When a bias is applied to the gate, holes leave the polymer and initiate a redox reaction at the interface between the gate and the electrolyte. For the sake of simplicity, we assume that the volume of the electrolyte is much larger than that of the polymer, so that the limiting redox process is that in the PEDOT:PSS layer. We also assume that there is little voltage drop at the gate–electrolyte interface, so that at steady state, the potential at the electrolyte–polymer interface is equal to that at the gate. Keeping the source grounded, the potential in the polymer film gradually increases from zero to V_GS, where V_GS is the gate-source bias. When V_GS is above a given threshold V_T, reduction of PEDOT occurs beyond a given point, and an insulating (reduced) polymer layer grows at the polymer-electrolyte interface. For the sake of electrical neutrality, cations from the electrolyte penetrate in the polymer. At steady state, the situation is that depicted in Figure 1c: the polymer is divided into a conducting layer near the source and an insulating (reduced) layer near the electrolyte.

3.1.2. Basic Equations

Since we are only interested in a steady state description of the device, the numerical simulation only uses static equations: Nernst, Poisson and the electrical neutrality. Equations like Nernst–Planck, that describe the movement of ions, will not be involved. Also, the transient gate current that accompany reaction (1) is outside the scope of our analysis.

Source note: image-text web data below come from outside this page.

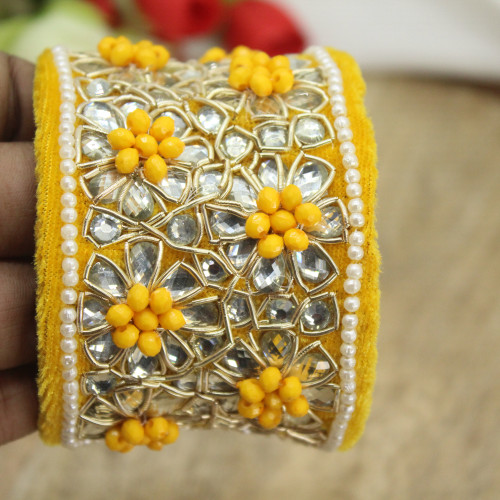 1. Yamini Broad Bracelet by Noori By Nikita in vibrant yellow with exquisite pearl embroidery and intricate kundan work offers a perfect blend of elegance and charm.
2. Crafted with utmost attention to detail, the bracelet not only flaunts a unique design but also ensures ease and comfort during wear.
3.  Its adjustable feature guarantees a perfect fit for any wrist size. The luxurious combination of pearls and kundan elevates the overall look, making it a versatile piece that complements both traditional and contemporary attire.
4. Whether you are attending a grand celebration or a traditional Haldi rasam, this bracelet is specifically crafted to add a touch of grace to your ensemble.
5. Enjoy affordable prices that you can buy online, without compromising on quality, allowing you to find the perfect Bracelet within your budget.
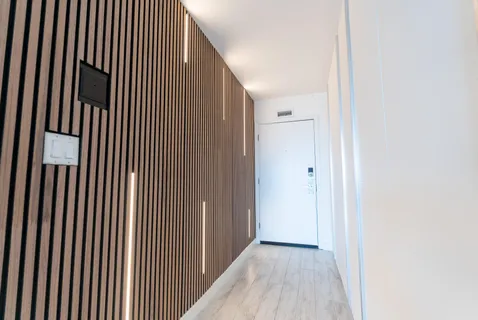 a room with wooden floors and pool table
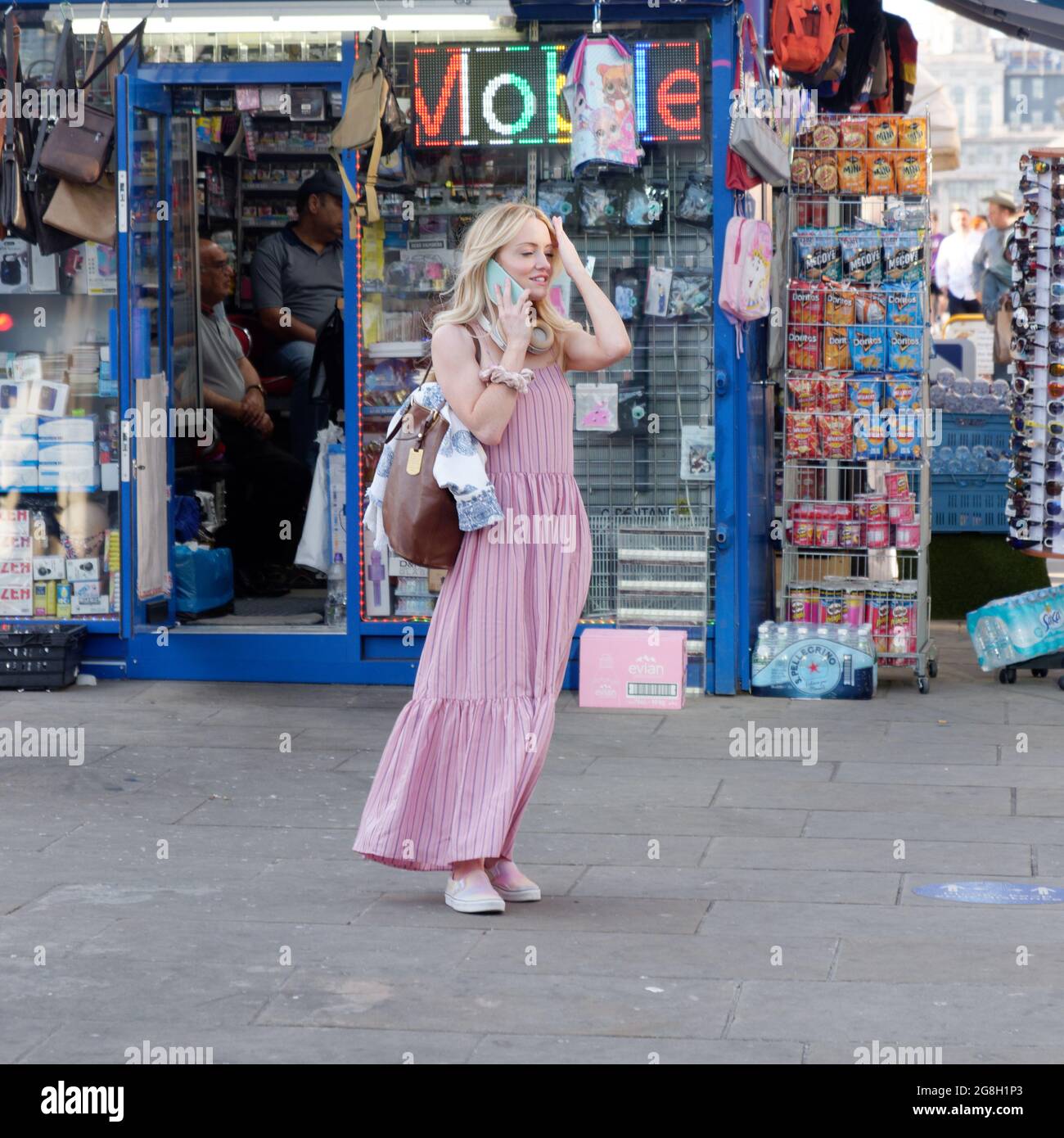 Londres, Grand Londres, Angleterre, 12 juin 2021 : jeunes femmes vêlées d'une robe rose avec un sac à main marron au téléphone devant un magasin bleu. Banque D'Images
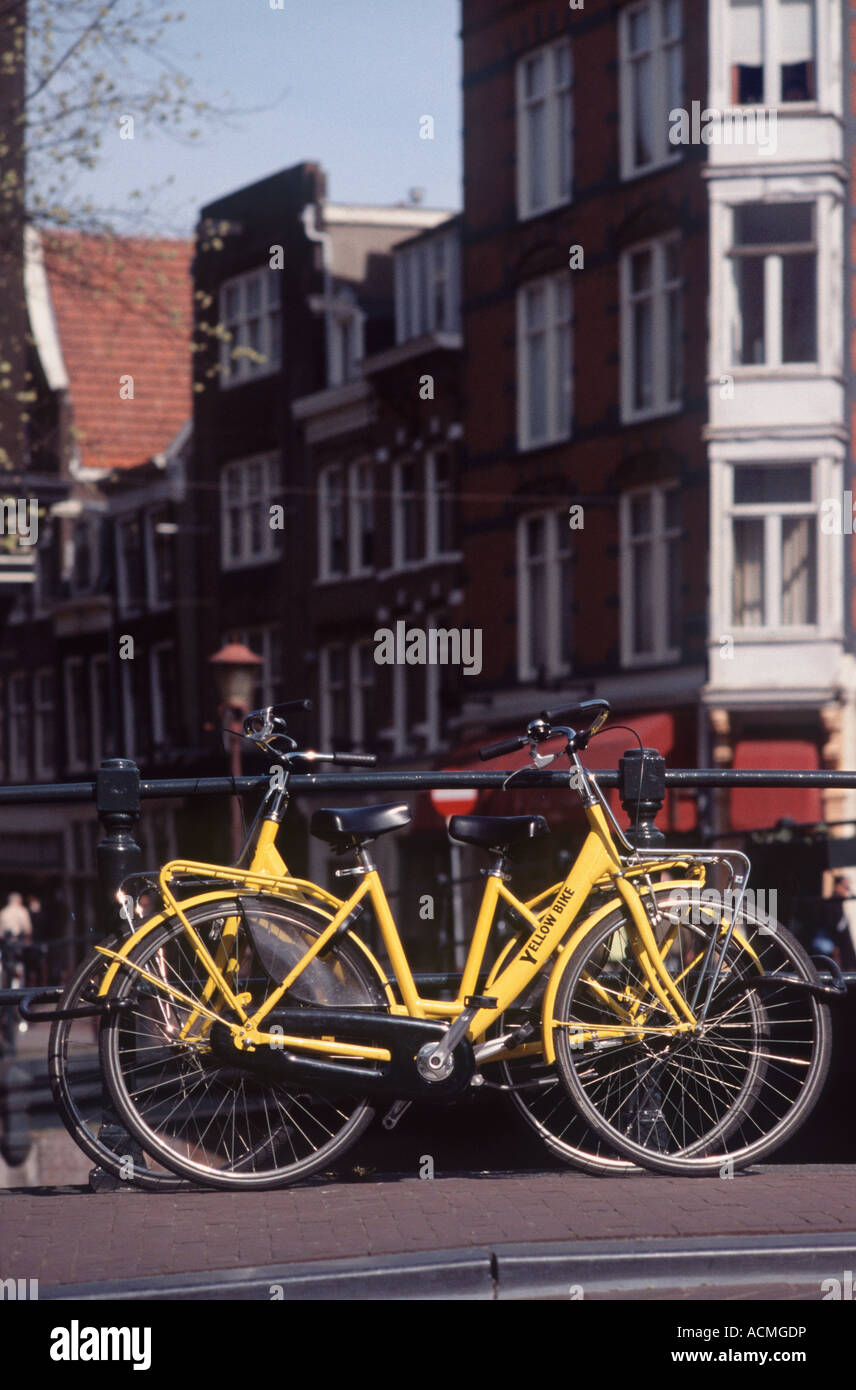 Due di colore giallo brillante biciclette parcheggiate in ponte sul canale di ringhiere, Spiegelgracht, Amsterdam, Paesi Bassi Foto Stock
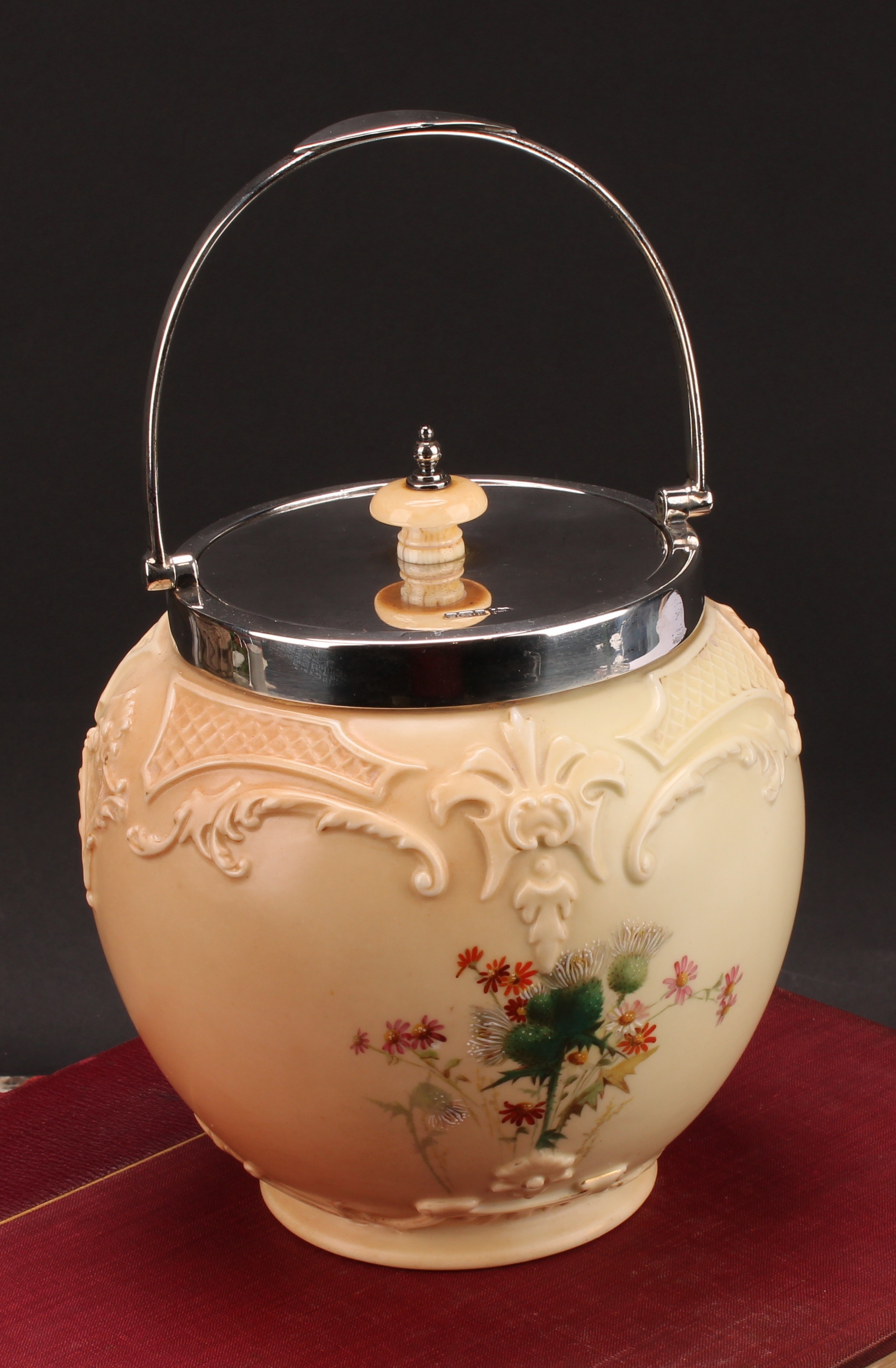 A Royal Worcester Hadley silver mounted ovoid biscuit barrel, moulded in relief and decorated in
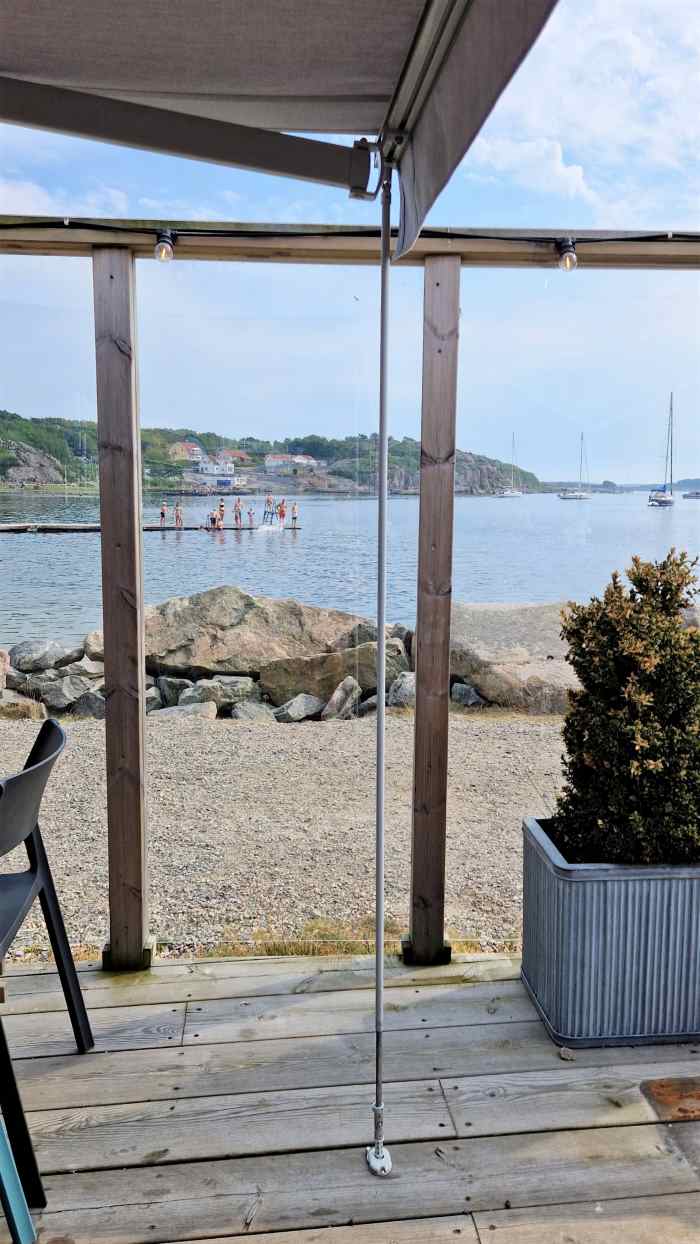 Långt vindstag som är nerfällt och fastsatt i golvfästet för att förhindra att terrassmarkisen hoppa i vinden och gör terrassmarkisen betydligt mer vindtålig. Terrassmarkis från Markisrea.se med Vindstag. Sandatex markisväv.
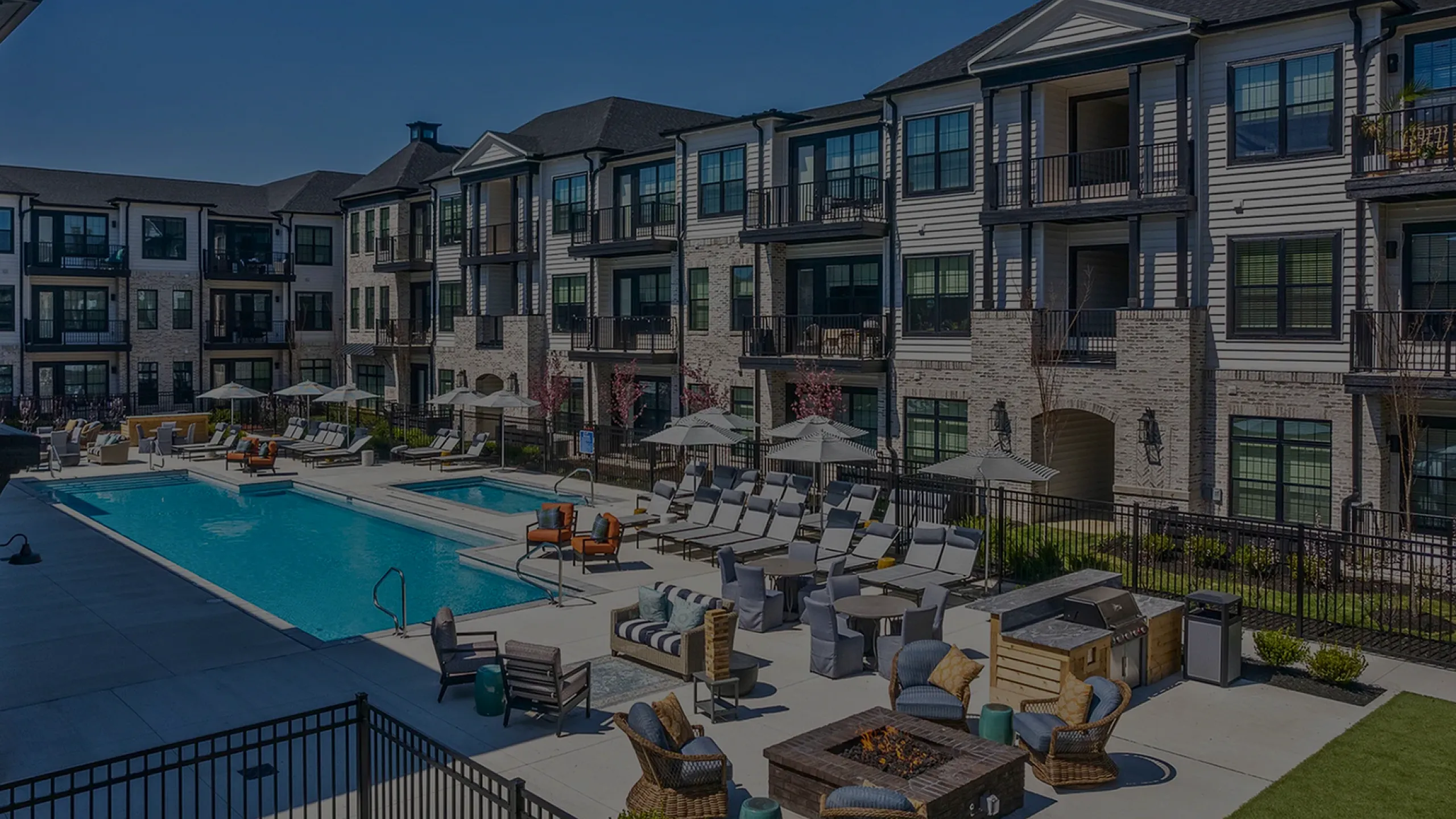 Modern apartment complex with luxurious outdoor pool, stylish lounge seating, and elegant architecture bathed in sunlight.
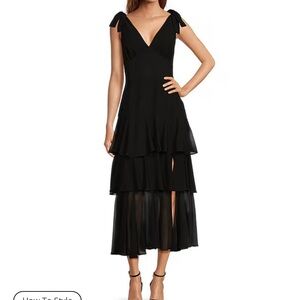 Wayf black tiered midi dress with slit and bows on shoulders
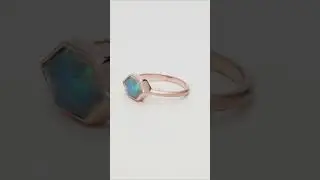Lot 62: 14kt Gold Custom Lozenge Cut Ethiopian Opal Ring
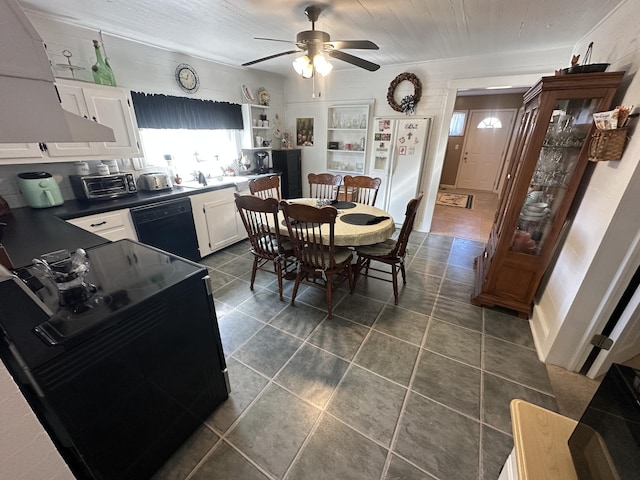 dining room featuring dark tile patterned floors and ceiling fan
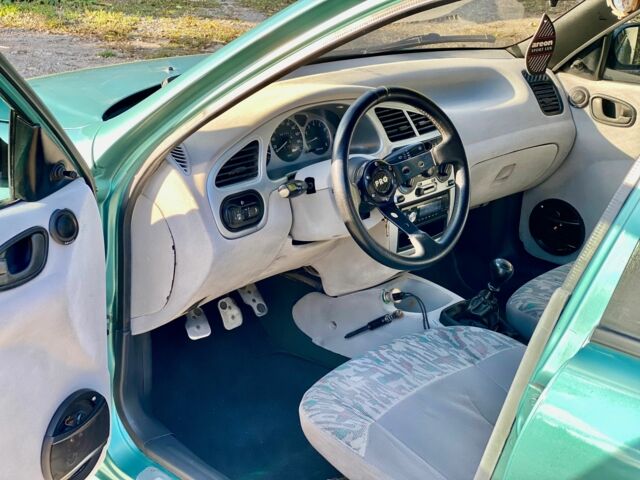 Деу Сенс 1998 у Кам'янське (Дніпродзержинськ) на Automoto.ua Зелений Деу Сенс, об'ємом двигуна 2 л та пробігом 235 тис. км за 1999 $, фото 8 на Automoto.ua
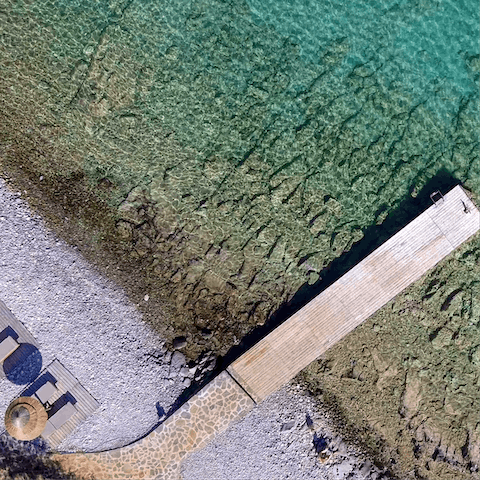 Soak up the Aegean rays from Plaka Beach, just 900m away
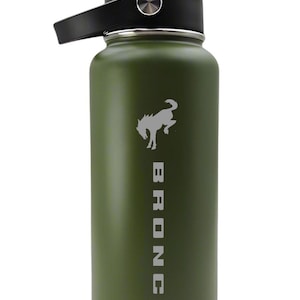Puede incluir: Botella de agua aislada verde oliva con tapa y asa negras. La botella presenta una silueta blanca de caballo y la palabra "BRONCO" impresa verticalmente. Diseñada para mantener las bebidas frías o calientes, tiene una capacidad de 946 ml.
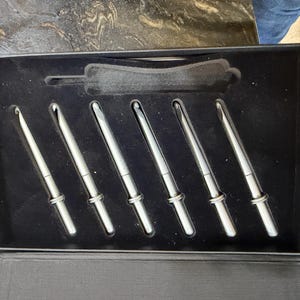Op de afbeelding: Een set van drie keramische mokken met een gespikkelde, matte afwerking. De mokken zijn in tinten cr&egrave;me, lichtgrijs en donkergrijs. Elke mok heeft een eenvoudig, minimalistisch ontwerp, perfect voor koffie of thee.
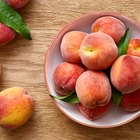 Fresh organic peaches in wooden crate viewed from above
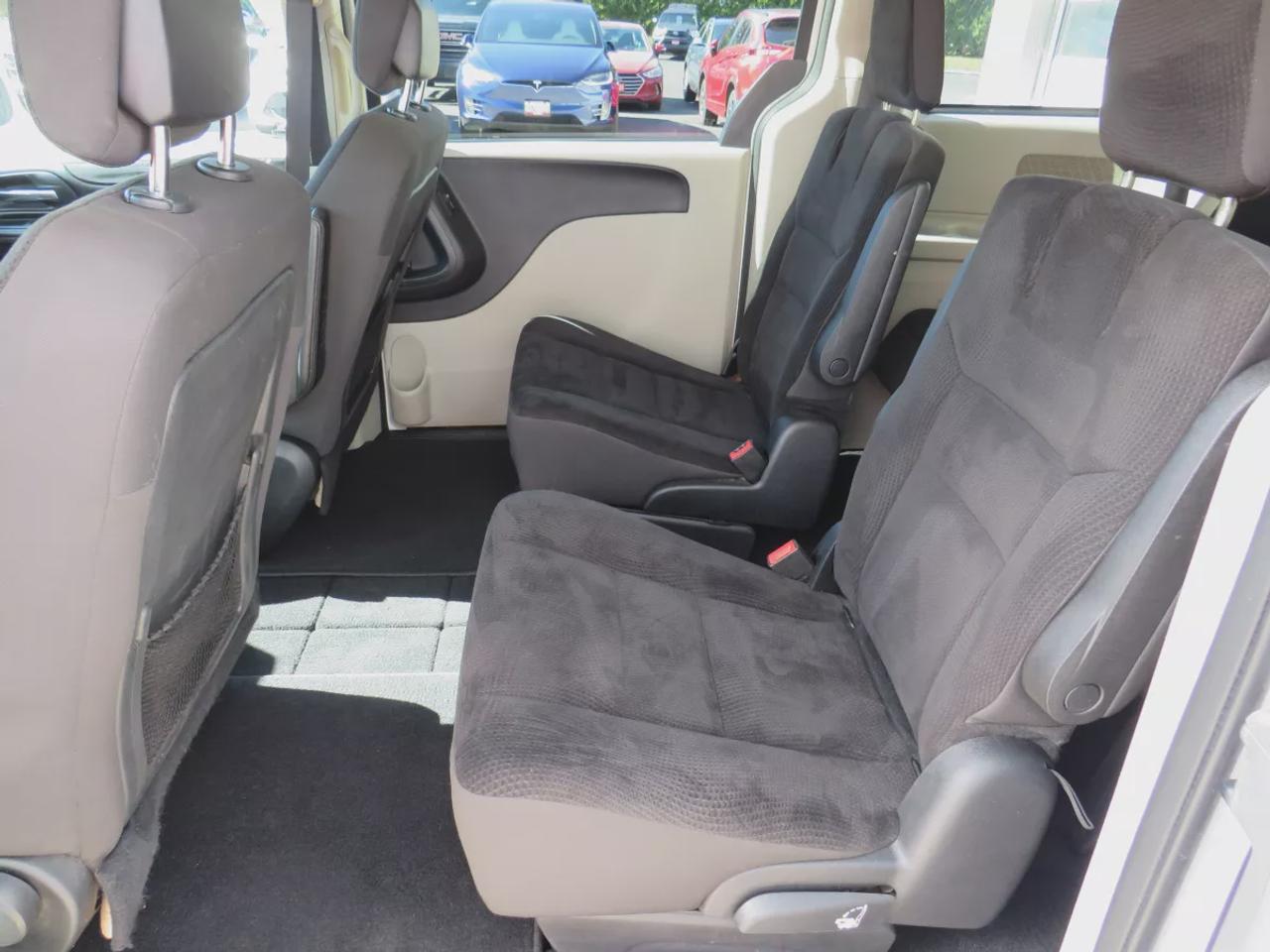 2019 Dodge Grand Caravan SXT  | Safety Certified | 7 Passenger | DVD Entertainment System | Tints | Alloy Rims | Stow&Go Seating | Digital Touchscreen | Reverse Camera | AUX | Bluetooth | Cruise Control Photo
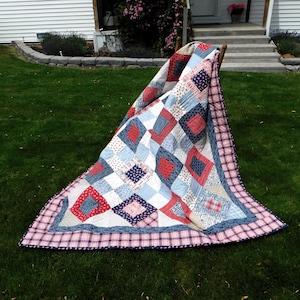 May include: A red, white, and blue patchwork quilt with a plaid border. The quilt is folded and draped over a wooden chair on a grassy lawn.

The electrical potential v in the polymer is connected to the respective density of oxidized and reduced PEDOT through Nernst’s equation:

$$v=v^0+\frac{kT}{q}ln\frac{\left[ox\right]}{\left[red\right]},$$

(2)

where v⁰ is the redox potential, [ox] and [red] the density of oxidized and reduced PEDOT, respectively, k is Boltzmann’s constant, T the temperature and q the elemental charge. Calling c_p the density of PEDOT⁺ (which is also the density of holes) and c₀ the total density of PEDOT (which is also the density of PSS⁻), the density of reduced PEDOT is c₀ − c_p, and (2) can be rewritten as:

$$c_p=\frac{c_0}{1 + exp\left[-\frac{q}{kT}\left(v - v^0\right)\right]},$$

(3)

Here, v and v⁰ correspond to potentials of the working electrode of a conventional three-electrode electrochemical cell; they are measured against a reference electrode. However, in a transistor, the source is usually connected to ground, the varying potential is that at the gate, and there is no reference electrode. Accordingly, we rewrite (3) by reverting the sign of the potential:

$$c_p=\frac{c_0}{1 + exp\left[\frac{q}{kT}\left(V - V_T\right)\right]},$$

(4)

Here, V is measured as a function of the grounded source electrode. Because a conducting polymer can be viewed as a degenerate semiconductor, the potential at the source is close to the HOMO edge. The threshold voltage V_T corresponds to the difference between the redox potential and the work function of PEDOT:PSS. Because the polymer is highly doped, the Fermi level is close to the HOMO edge and V_T can be expected to be small.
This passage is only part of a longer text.